Sourcing Journal’s Sustaining Voices celebrates the efforts the apparel industry is making toward securing a more environmentally responsible future through creative innovations, scalable solutions and forward-thinking initiatives that are spinning intent into action.
Nilit is cleaning up its energy with a cogeneration power plant.
The amount of CO₂ Nilit’s new plant reduces
The increase in energy efficiency of Nilit’s new plant
The amount of sulfur dioxide and other toxic gases Nilit’s new plant produces
Nylon producer Nilit is shrinking the environmental footprint of its yarns by making over its energy source.
The 51-year-old Israeli company has introduced a cogeneration power plant on-site at its primary manufacturing facility in Migdal HaEmek. With natural gas as the fuel source, the plant produces cogeneration steam, which Nilit then uses to create compressed air and cold water.
“Throughout its 51-year history, Nilit has undertaken efforts in water conservation, energy usage and materials and waste management,” said Sagee Aran, head of the global marketing department at Nilit. “The move to more sustainable, greener energy at the heart of our manufacturing infrastructure accelerates this effort in a game-changing way.”

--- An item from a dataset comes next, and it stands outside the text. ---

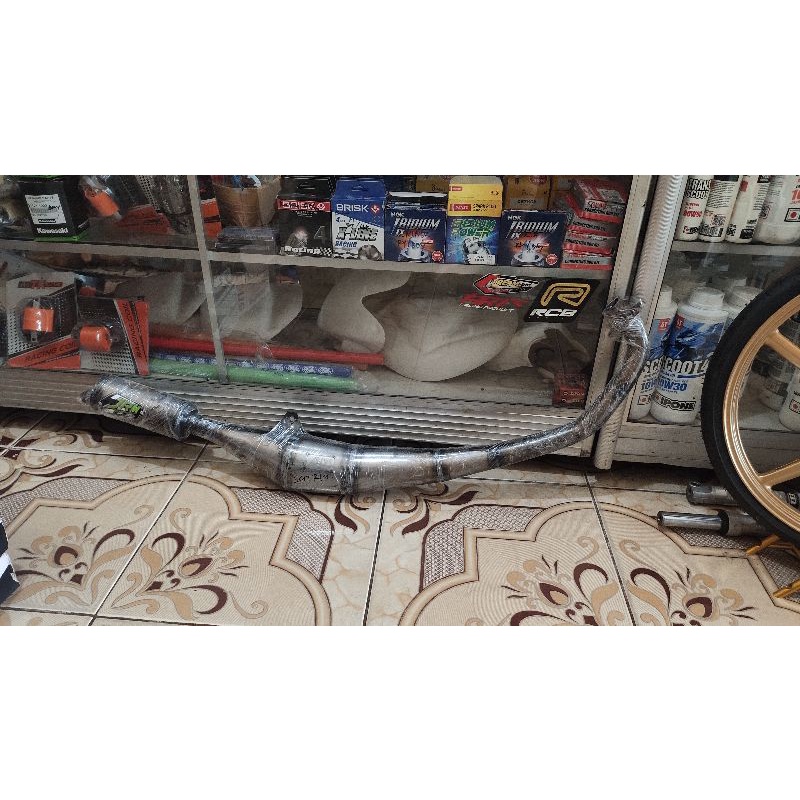 knalpot JRM original satria 2tak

The cogeneration steam has been specially engineered to allow Nilit to derive energy that fits its particular needs. But this custom engineering comes with the challenge of having to constantly make adjustments to ensure consistent energy. Because the process was purpose built for Nilit, Aran is skeptical that other companies or industries can directly copy the energy model.

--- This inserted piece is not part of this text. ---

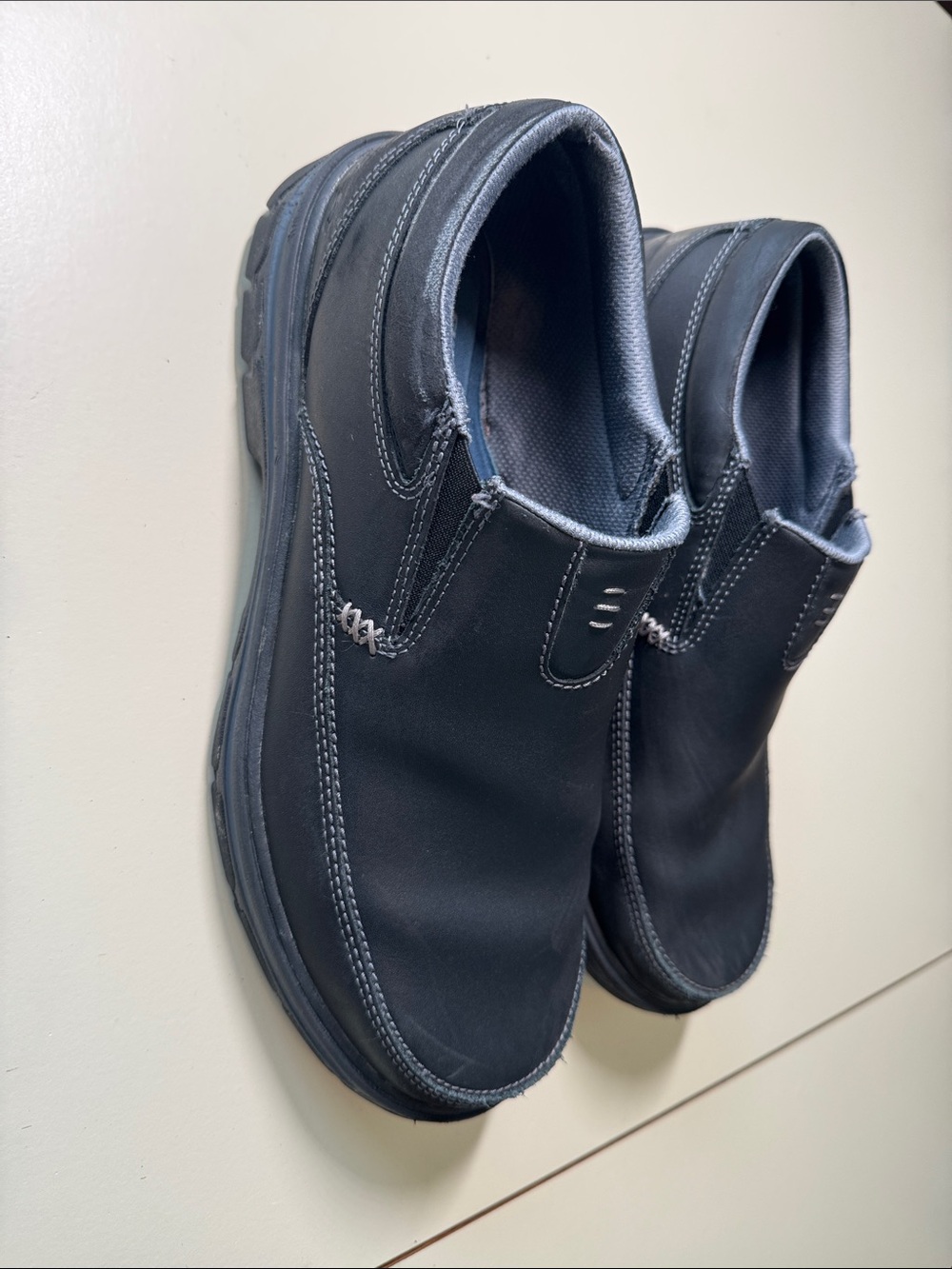 Skechers Men's Slip-On Casual Loafers in Black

“It depends upon the level of energy used by each company,” he said. “Nilit is able to create energy in a variety of ways from steam, and this enables the company to reuse waste, whereas at other companies the same energy may be lost.”
Courtesy of the steam, Nilit’s plant is able to lower the use of natural gas by up to 75 percent, while also reducing carbon dioxide emissions by 40 percent. This plant model also fully eliminates emissions of harmful gasses, including sulfur dioxide.
Along with powering Nilit’s production, the plant provides energy to other local businesses. Despite the significant investment in the facility, Nilit says that the plant is the most cost-effective energy conversion within the industry. This approach toward power is also uncommon. “Most companies do not have power plants on-site for cogeneration, making Nilit unique in the industry,” noted Aran.
Looking ahead, Nilit aims to reuse the water from the cogeneration energy creation process, further reducing its natural resource consumption.
Across the company, the manufacturer has adopted a zero-waste strategy to recycle materials used in the processing of its yarns, including packaging and byproducts of extrusion.
Nilit’s cogeneration plant fits into the company’s existing corporate social responsibility pillars announced in 2019. Aimed at improving the life-cycle-assessment metrics of its products, the formal sustainability strategy includes ramping up capacity for its recycled nylon line Sensil EcoCare, researching and developing bio-based and biodegradable products and collaborating with sustainable apparel brands.
“Our Total Product Sustainability theme, which encompasses all of our activities, drives us to manufacture products in a responsible way for the environment and the people living on our planet,” said Aran. “We believe that our partners downstream and suppliers will be joining this new state-of-mind responsible practice. Nilit is entering a new era of innovation for a new world, offering a better experience for consumers that will provide performance associated with sustainability solutions.”
What's the most important issue the fashion industry has yet to address?
“Convincing the consumers that we are all producing in a responsible way and that the consumer is part of this cycle. Increasing the portion of apparel made from recycled pre-consumer and post-consumer waste. Providing products that are more durable with an extended lifespan, reducing product waste going into landfills and causing ocean pollution.
“Ensuring resilience of brick-and-mortar businesses following COVID-19's crisis effect on the retail market, preserving the in-store experience for consumers to see and feel products to address the importance of actually touching sustainable products before purchasing.”